[Start of section]

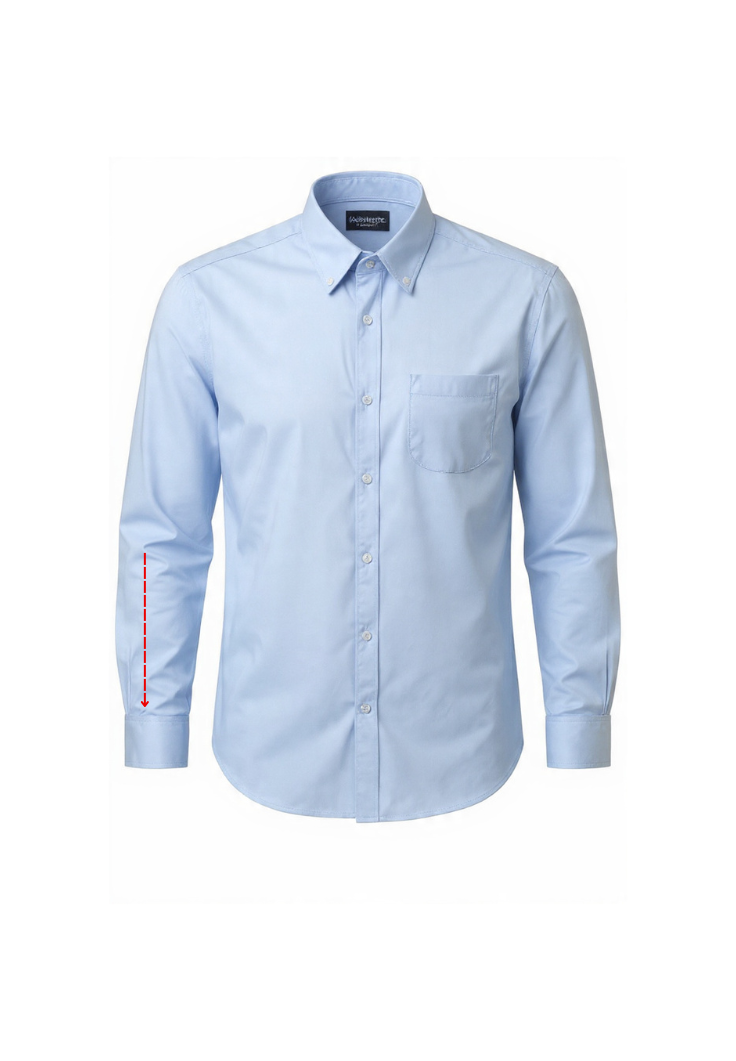 Shirt Sleeve Shortening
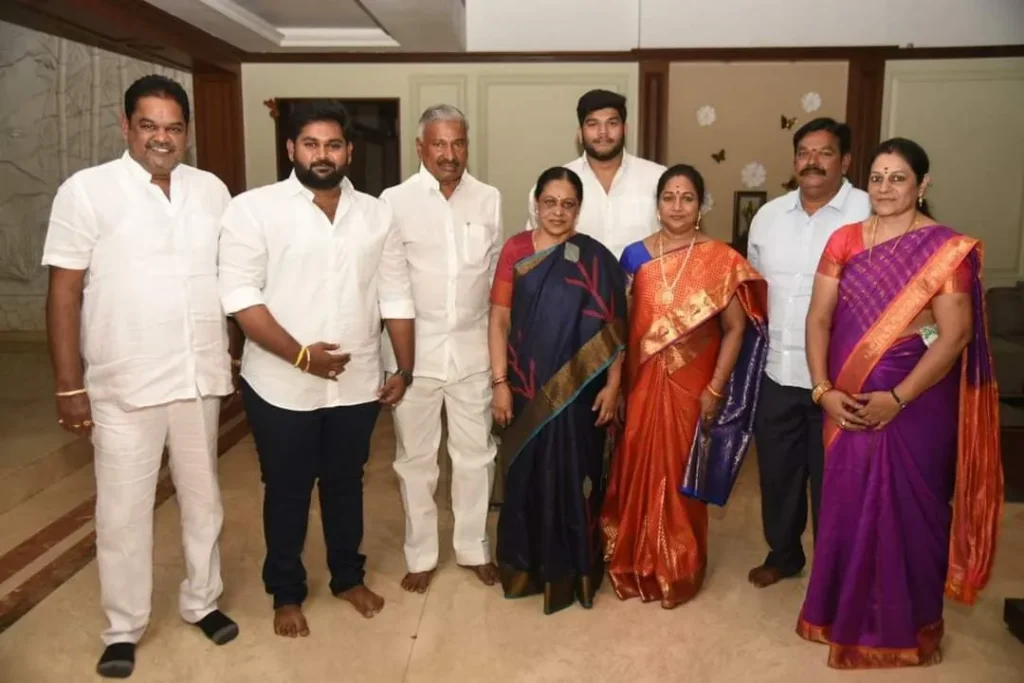 Peddireddy Ramachandra Reddy Family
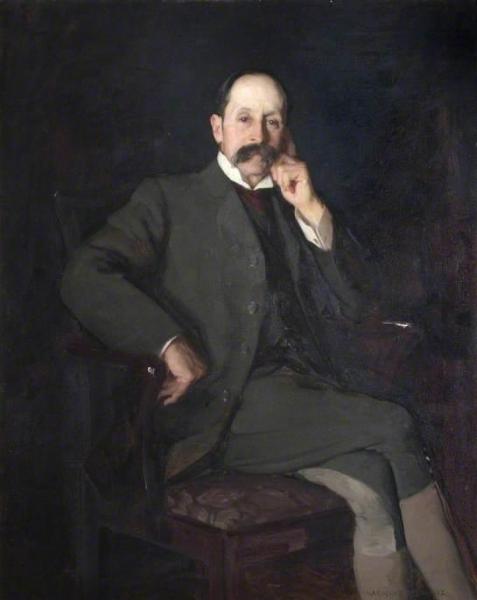 Charles William Early by Harold Speed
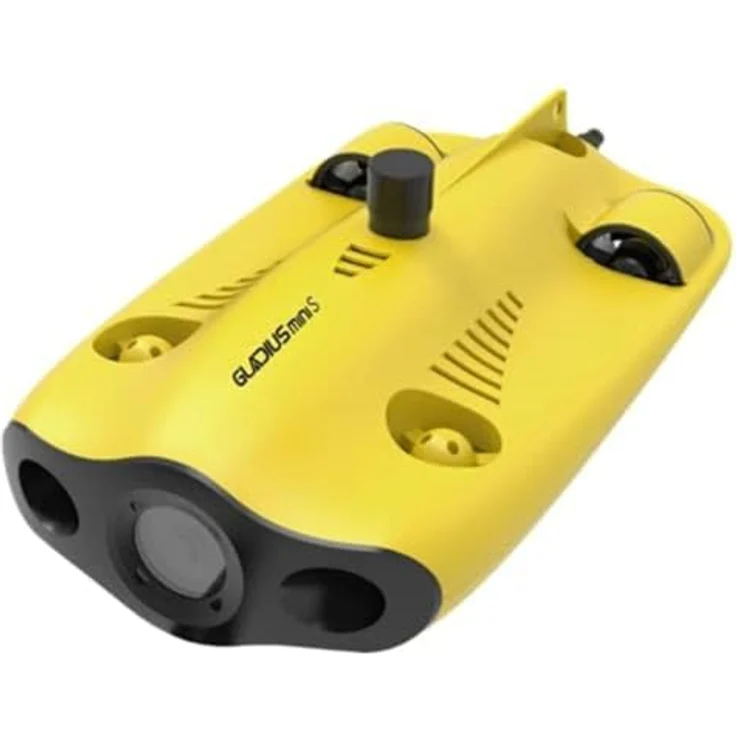 Chasing Gladius Mini S, Unterwasser-ROV mit Grabberklaue und GoPro-Halterung, Aluminiumlegierung, längere Akkulaufzeit, professionelle Kabelfernbedienung – Bild 1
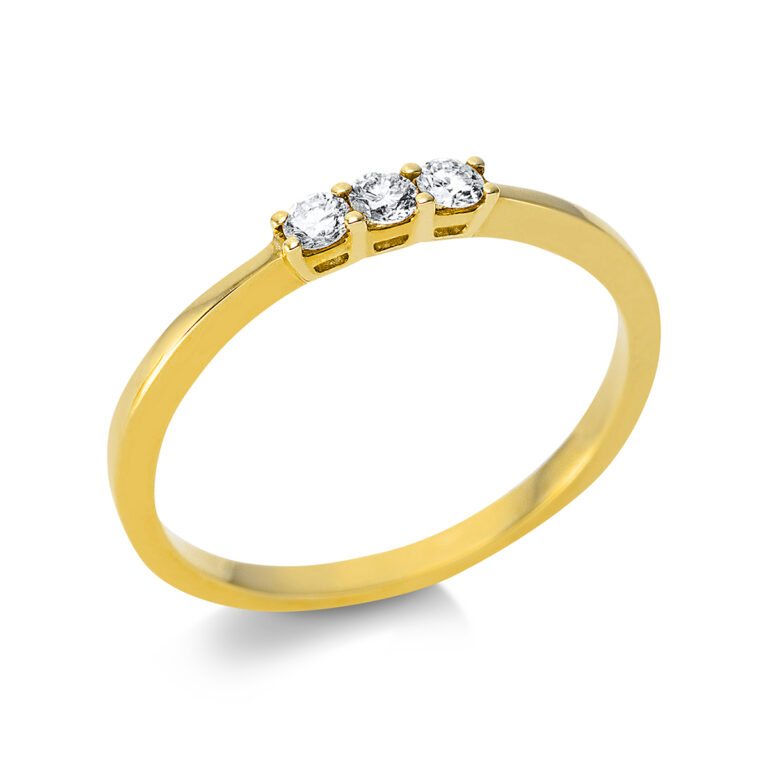 Ring 18 kt GG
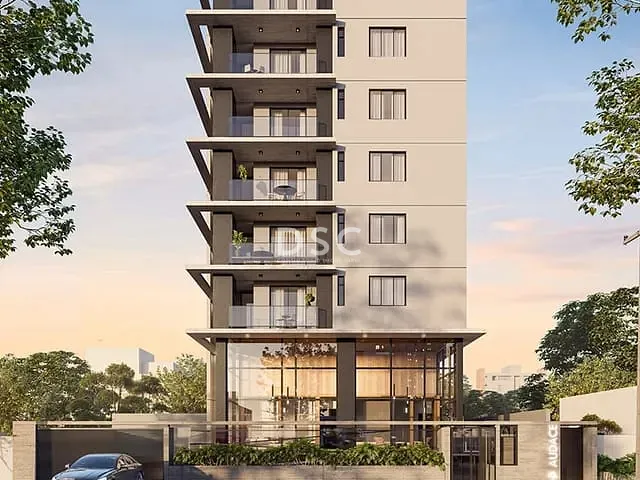 Cobertura / Penthouse 3 quartos e 3 banheiros, à venda, no bairro Centro em Curitiba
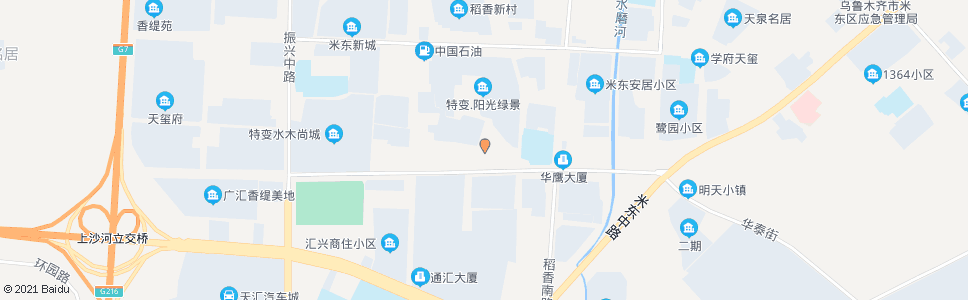 乌鲁木齐配件商店_公交站地图_乌鲁木齐公交_妙搜公交查询2025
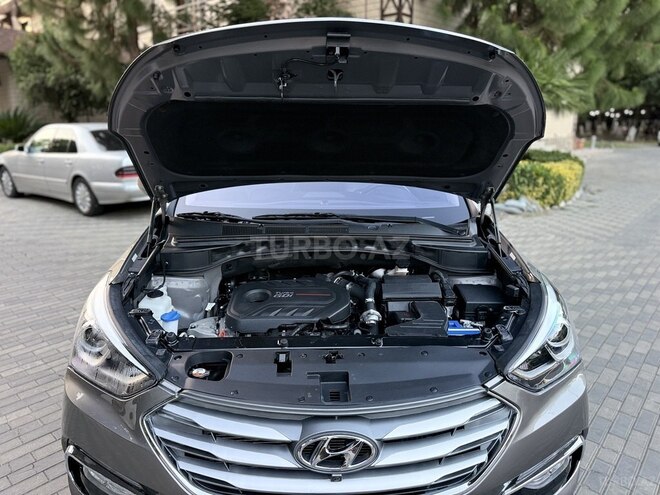 Hyundai Santa Fe 2017, 86,200 km - 2.0 л - Bakı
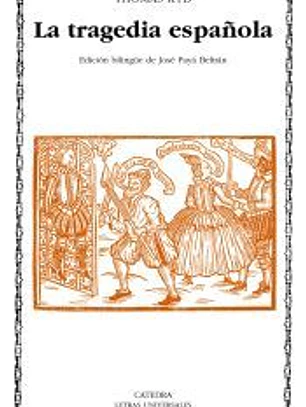 La tragedia española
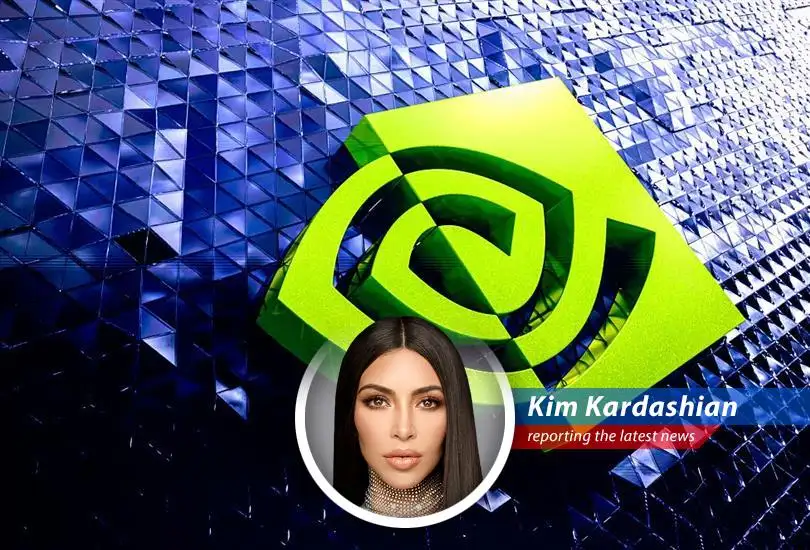 Kim K breaking down stocks on her iPad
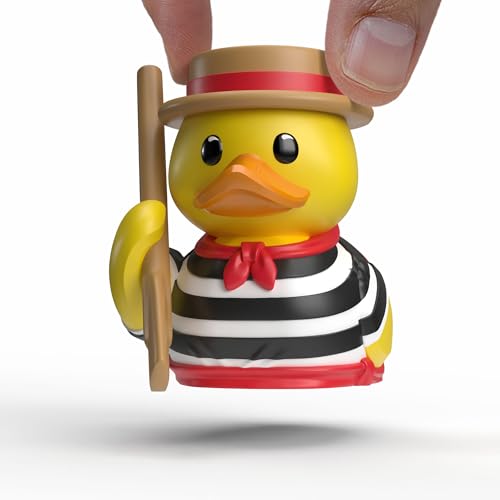 TUBBZ Mini: Reise - Italien Gondoliere als Cosplay-Gummiente Kreuzfahrt-Entchen verstecken Vinyl-Figur von TUBBZ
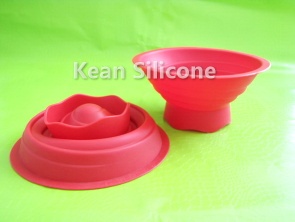 New Silicone bowls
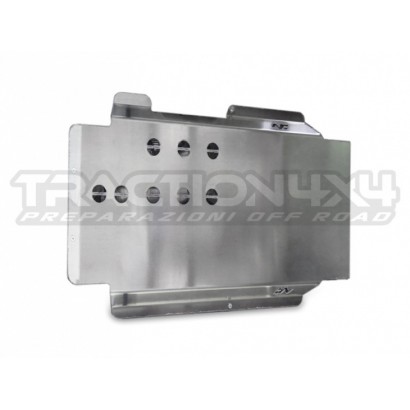 alt text - Plaque de protection de catalyseur pour Dacia Duster à partir de 2013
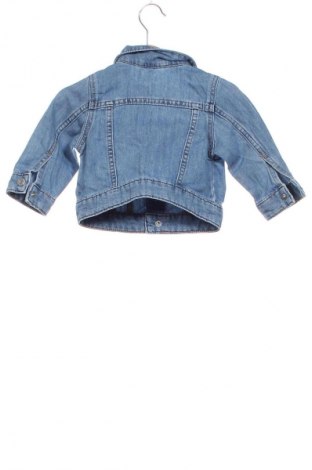 Detská bunda  H&M, Veľkosť 3-6m/ 62-68 cm, Farba Modrá, Cena  16,99 €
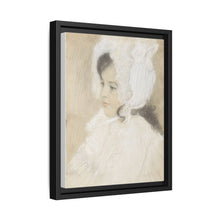 Portrait of a child (Marie Moll) by Gustav Klimt. - NOMADEN ART GALLERY
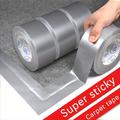 Super Adhesive Fabric Duct Tape, Carpet Waterproof Tape, High Viscosity Silver Gray Tape, Diy Home Decoration 10 Meter Reinstallation Tape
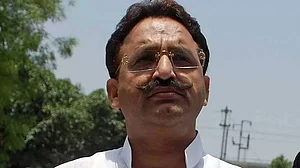Gangster-turned-politician Mukhtar Ansari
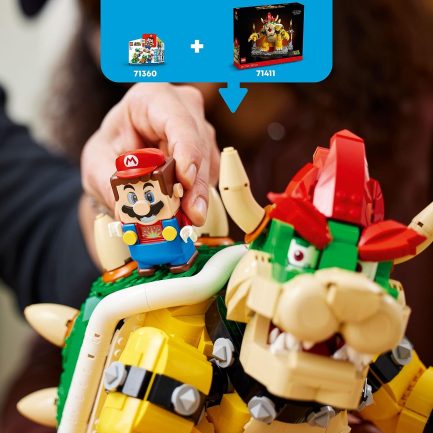 LEGO® Super Mario™ The Mighty Bowser™ (71411) - Image 5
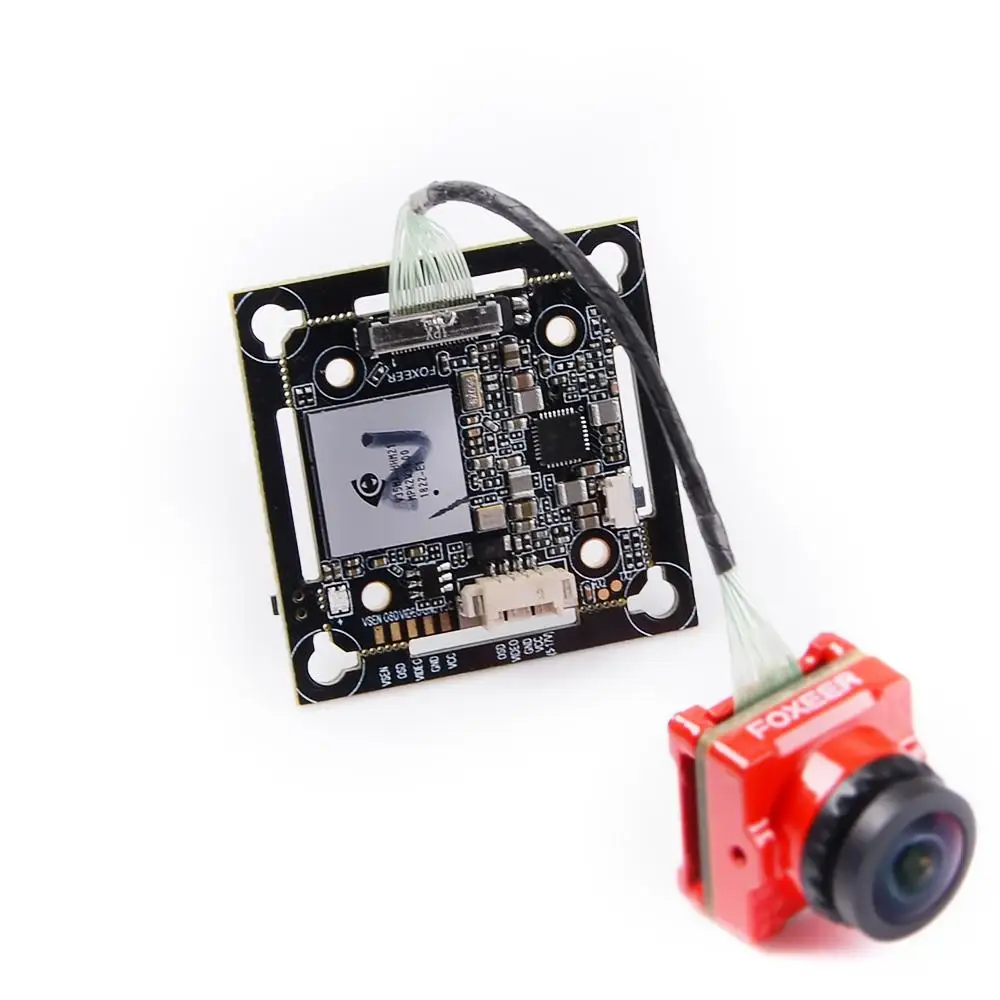 Foxeer Mix 2 FPV камера запасная основная плата поддержка 20x20 мм/30,5x30,5 мм Монтажный HoleFor RC FPV гоночный Дрон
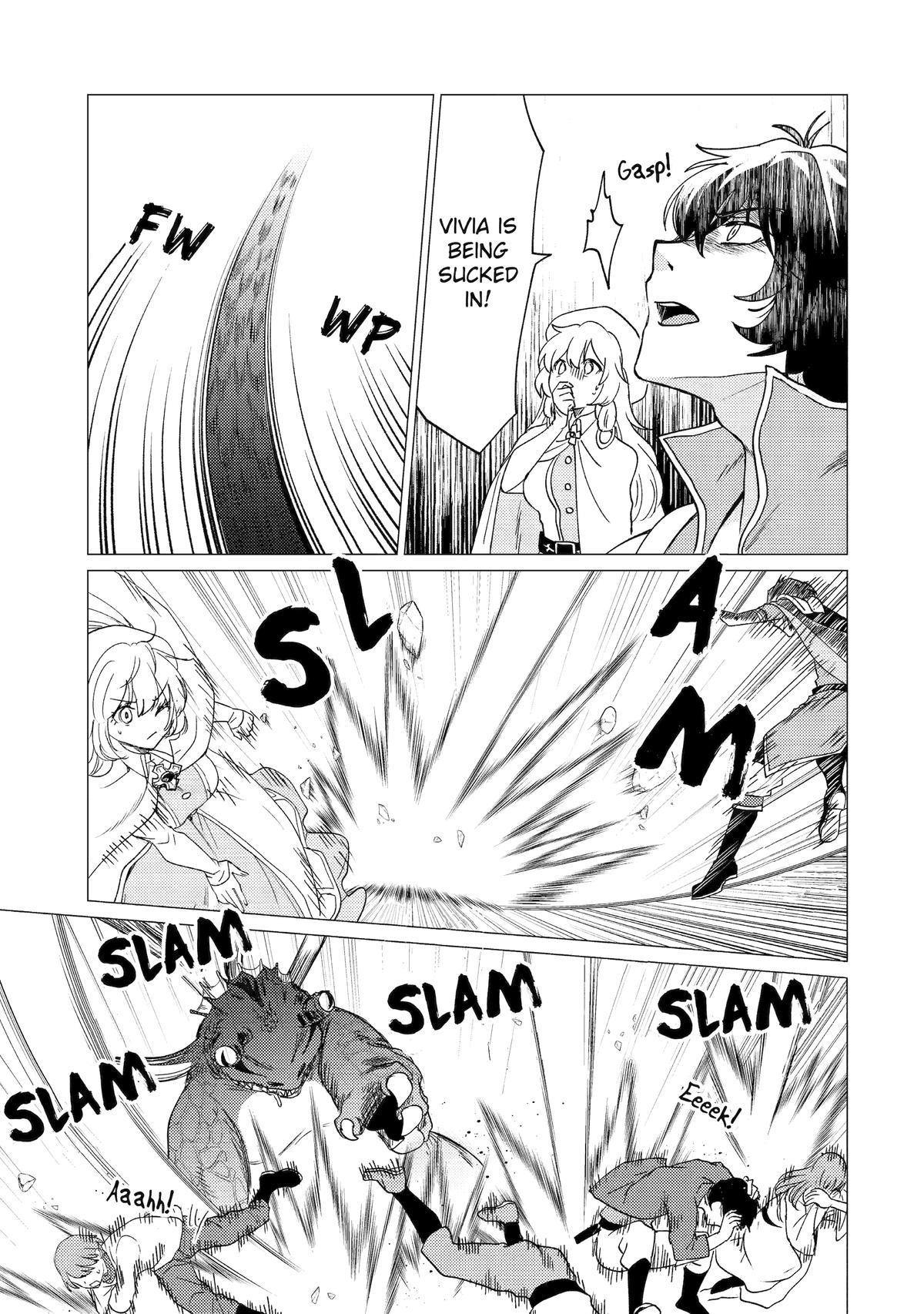 Yuusha party wo tuihou sareta ore daga, ore kara sudatte kuretayoude ureshii. nanode daiseijo, omae ni otte korarete ha komarunodaga? Chapter 39 - Page 11 in English
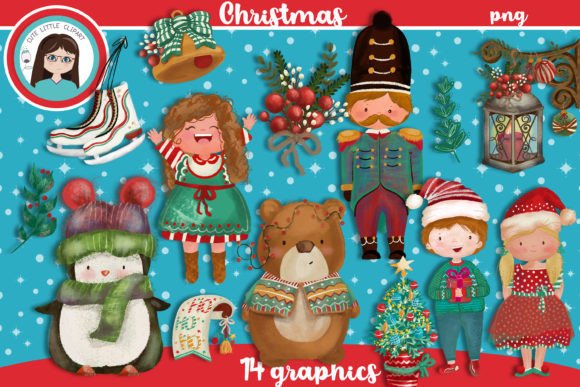 Review of Lovely Christmas Illustrations for Embroidery Projects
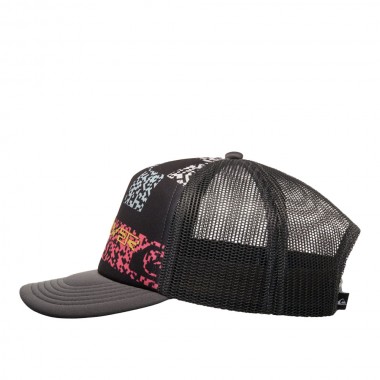 QUIKSILVER EMU COOP K TRUCKER CAP DARK NAVY NEXT GEN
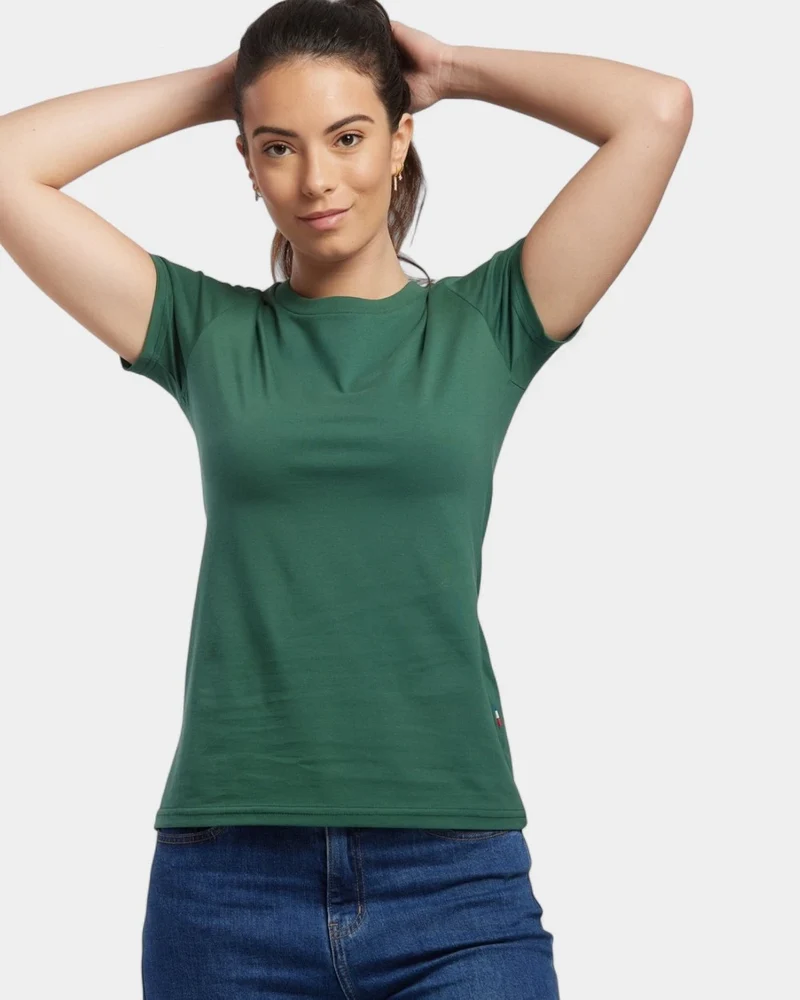 Dames T-shirt Made in France, te personaliseren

[End of section]

Your task is to transcribe, exactly and without additions, every line from the one that contains "New Silicone bowls" to the end of the entries above, both included. Omit all pictures.

• [FINISHED TASK]:
 New Silicone bowls
 alt text - Plaque de protection de catalyseur pour Dacia Duster à partir de 2013
 Detská bunda  H&M, Veľkosť 3-6m/ 62-68 cm, Farba Modrá, Cena  16,99 €
 Portrait of a child (Marie Moll) by Gustav Klimt. - NOMADEN ART GALLERY
 Super Adhesive Fabric Duct Tape, Carpet Waterproof Tape, High Viscosity Silver Gray Tape, Diy Home Decoration 10 Meter Reinstallation Tape
Gangster-turned-politician Mukhtar Ansari
 LEGO® Super Mario™ The Mighty Bowser™ (71411) - Image 5
 Foxeer Mix 2 FPV камера запасная основная плата поддержка 20x20 мм/30,5x30,5 мм Монтажный HoleFor RC FPV гоночный Дрон
 Yuusha party wo tuihou sareta ore daga, ore kara sudatte kuretayoude ureshii. nanode daiseijo, omae ni otte korarete ha komarunodaga? Chapter 39 - Page 11 in English
 Review of Lovely Christmas Illustrations for Embroidery Projects
 QUIKSILVER EMU COOP K TRUCKER CAP DARK NAVY NEXT GEN
 Dames T-shirt Made in France, te personaliseren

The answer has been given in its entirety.